Already on July 21, Adm. Jay Johnson had said, as he stepped down from his
post as the Navy's top officer, that national security requires a defense
expenditure of 4 percent of GDP. On Aug. 16, Gen. James Jones, Commandant of
the Marine Corps, used the occasion of an interview with Defense Daily to
call for a "gradual ramp up" in defense spending "to about 4 or 4.5 percent
of the U.S. gross domestic product." Two days after Jones' comments, Gen.
Gordon Sullivan, former Army Chief of Staff and now president of the
100,000-strong Association of the U.S. Army, confirmed the Praetorians'
floor demand: "We must prepare for the future of the security of our nation.
... We should set the marker at 4 percent."
The Praetorians have avoided spelling out what 4 percent actually means in
dollar terms. The latest figures from the Office of Management and Budget
project GDP at $10.9 trillion in 2002, rising to $13.9 trillion in 2007. So,
a military budget set at 4 percent of GDP in 2002 would amount to $438
billion, and in 2007, $558 billion. This year's budgetary tribute to the
Praetorians is just on $300 billion. The combined spending of all putative
foes of the United States -- Russia, China and our old friends the rogue
states, including: Iran, Syria, Iraq, Libya, North Korea, Serbia, Cuba and
Sudan -- amounts to a little over $100 billion.

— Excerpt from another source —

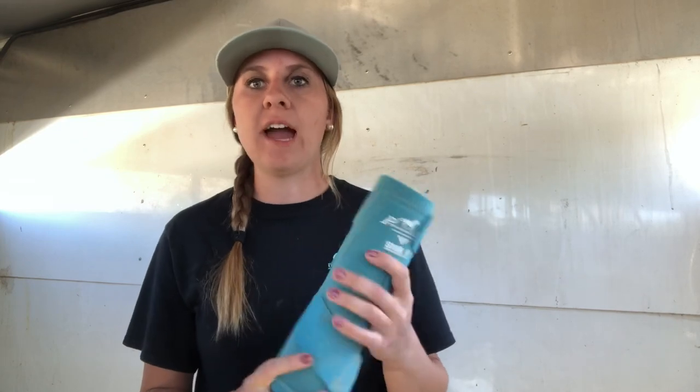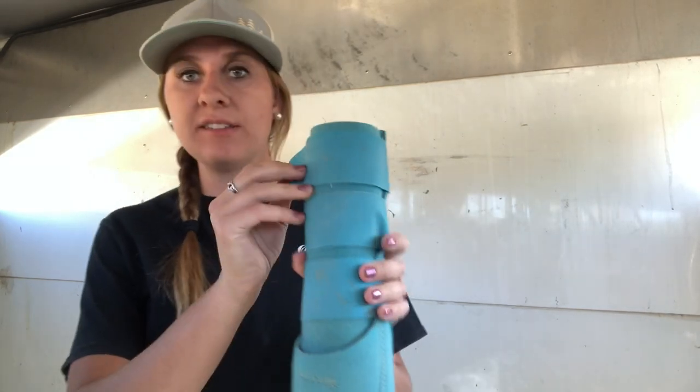Next up, we have my favorite — sports boots. These are by Professional's Choice. You guys can see that. These are my ultimate favorite, and I'm going to go ahead and show you guys how these work.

It is not well understood that though the number of ships, planes and
troops available to guard the nation has declined sharply, the actual flow
of dollars into the pockets of the Praetorians and their commercial partners
has remained at cold war levels. It is true that in the immediate aftermath
of the cold war, U.S. military spending under George Bush I diminished
slightly. Clinton reversed this trend with enough brio to allow Gore,
speaking to the Veterans of Foreign Wars in the 1996 campaign, to declare
that the Democratic bid to the Praetorians that year was far superior to
that of the Republicans.
In his offer to the Praetorians this year, George W. Bush has bid Star
Wars, plus a pay raise for the armed forces. This is scarcely enough. The
Praetorians know well that the missile defense scheme endorsed by Bush is a
fantasy and that missile defense spending has been more or less constant
since the early sixties. The appeal of a pay raise from a Republican emperor
is undercut by lavish disbursements, such as the recent 10 percent raise
enacted by Emperor Clinton, who further solidified the loyalty of the senior
officer class by smoothing out wrinkles in the practice of double dipping.

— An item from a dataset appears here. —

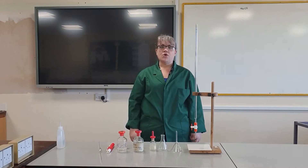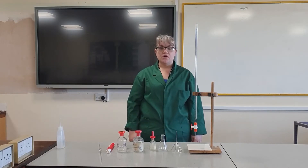Hello, today I'm going to show you how to carry out a titration with indicator.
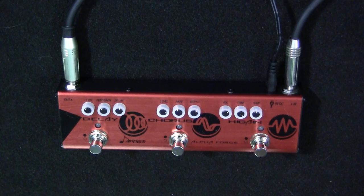Hey, Steve Statt from GuitarZoom here. Today I'd like to show you a pedal made by Donner called the Alpha Force pedal. It's quite a heavy distortion pedal, but it's really a three-in-one pedal. It has delay, chorus, and distortion — and I want to show you all three of those elements today.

"There are retired colonels in this building," a Pentagon number cruncher
remarked recently, "who are taking home $200,000 a year." "I'm proud," Gore
told the VFW five days after he kissed Tipper, "that we won the largest
military pay increase in twenty years."
The Praetorians are licking their lips at the prospect of a delightful
bidding war stretching over the presidential debates. We can look forward to
Joe Lieberman chastising Dick Cheney for his temerity, as President Bush's
Defense Secretary, in cutting the military budget and even canceling such
egregious boondoggles as the A-12 Stealth fighter.

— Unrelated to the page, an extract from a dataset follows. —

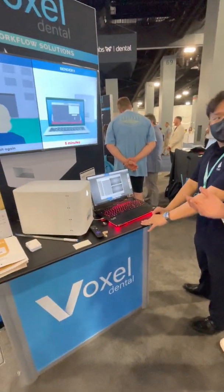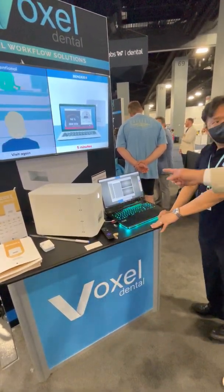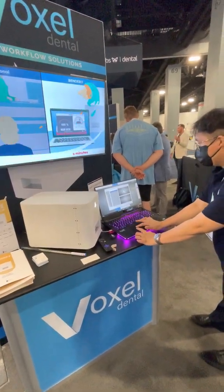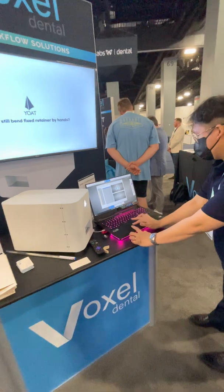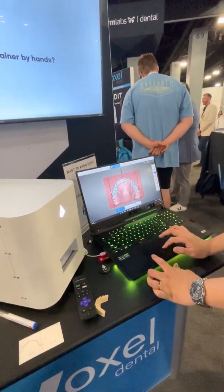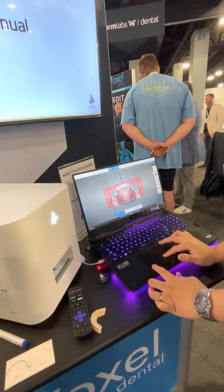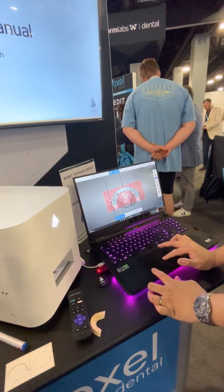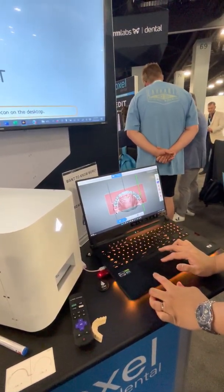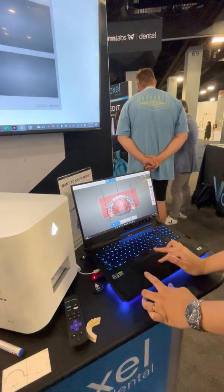Once we've taken that scan, we're ready to build a lingual wire chair-side while the patient's waiting. You simply grab those files — it's drag and drop technology. He's going to throw in the upper and then the lower. You'll see it quickly show you the model, and then you'll be able to adjust the plane and the height, wherever you want that wire. The wire is going to be bent right at the cross section between the white and the red on the lingual side of the teeth.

There may be a deeper reason for the 4 percent solution. The military's
share of the economy has been going down. There are no convincing external
enemies, and it's been getting harder to claim a prime role for military R&D
in setting the agenda for technological innovation. Thanks to Hollywood and
our militarist heritage, the Pentagon still has a powerful cultural hold.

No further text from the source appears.